Joint Holding: where the holding is in more than one name, all of the Shareholders must sign.

Power of Attorney: to sign under Power of Attorney you must have already lodged this document with the Company's share registry. If you have not previously lodged this document for notation, please attach a certified photocopy of the Power of Attorney to this form when you return it.

Companies: where the Company has a Sole Director who is also the Sole Company Secretary, this form must be signed by that person. If the Company (pursuant to section 204A of the Corporations Act 2001) does not have a Company Secretary, a Sole Director may sign alone. Otherwise this form must be signed by a Director jointly with either another Director or Company Secretary. Please indicate the office held in the appropriate place.

If a representative of the corporation is to attend the meeting the appropriate "Certificate of Appointment of Corporate Representative" should be lodged with the Company before the meeting or at the registration desk on the day of the meeting. A form of the certificate may be obtained from the Company's share registry.

6. Lodgement of Proxy

Proxy forms (and any Power of Attorney under which it is signed) must be received by Security Transfer Registrars Pty Ltd no later than 11:00am (AEST) on Monday 22nd July 2013, being 48 hours before the time for holding the meeting. Any Proxy form received after that time will not be valid for the scheduled meeting.

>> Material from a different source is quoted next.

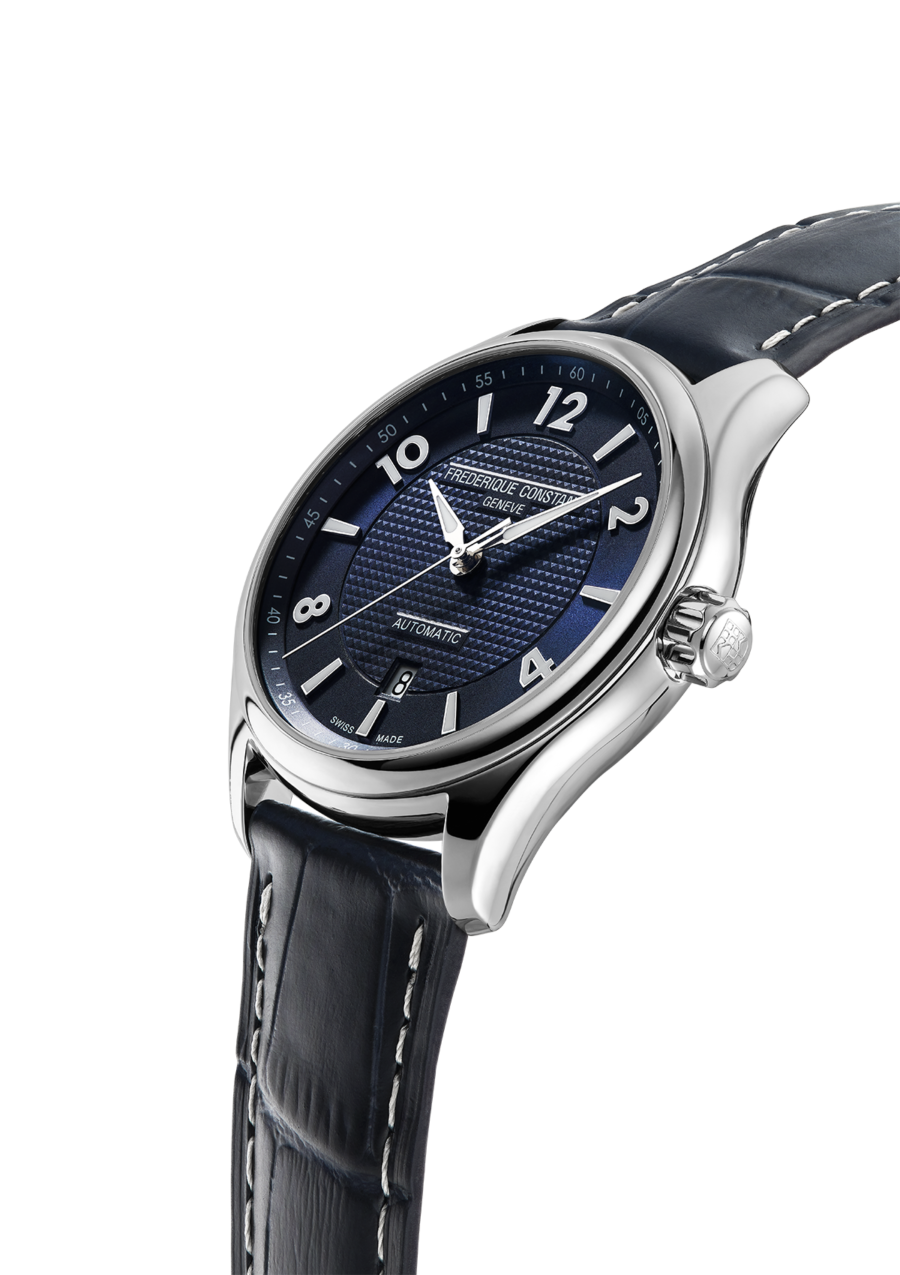 Runabout Automatic watch for man. Automatic movement, black dial with clous de Paris guilloché in the center, stainless-steel case and dark blue-grey leather strap with blue stitching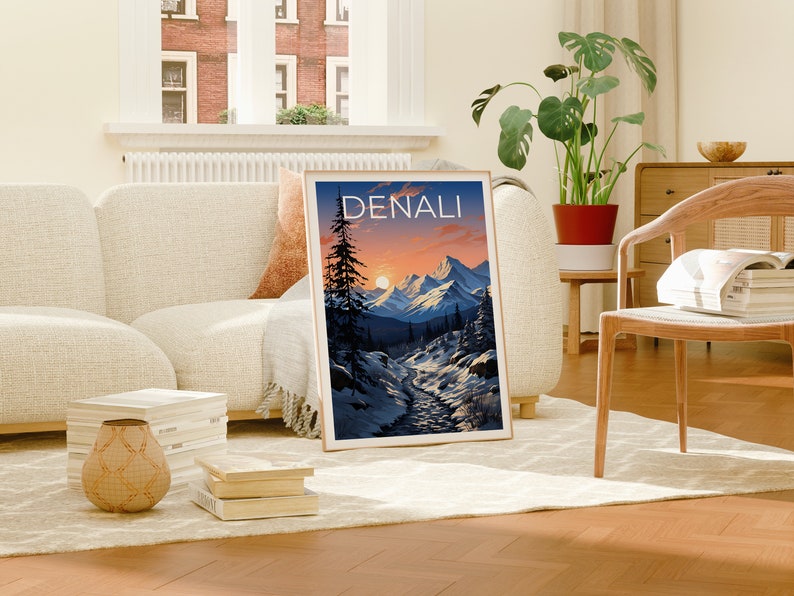 Affiche de voyage Denali, art mural de l'Alaska, impression de l'Alaska, affiche Denali, affiche de l'Alaska, impression Denali, art Denali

Security Transfer Registrars Pty Ltd PO BOX 535 Applecross, Western Australia 6953

Street Address: Alexandrea House, Suite 1 770 Canning Highway Applecross, Western Australia 6153

Telephone +61 8 9315 2333 Facsimile +61 8 9315 2233 Email [email protected]

PRIVACY STATEMENT

Personal information is collected on this form by Security Transfer Registrars Pty Ltd as the registrar for securities issuers for the purpose of maintaining registers of securityholders, facilitating distribution payments and other corporate actions and communications. Your personal details may be disclosed to related bodies corporate, to external service providers such as mail and print providers, or as otherwise required or permitted by law. If you would like details of your personal information held by Security Transfer Registrars Pty Ltd or you would like to correct information that is inaccurate please contact them on the address on this form.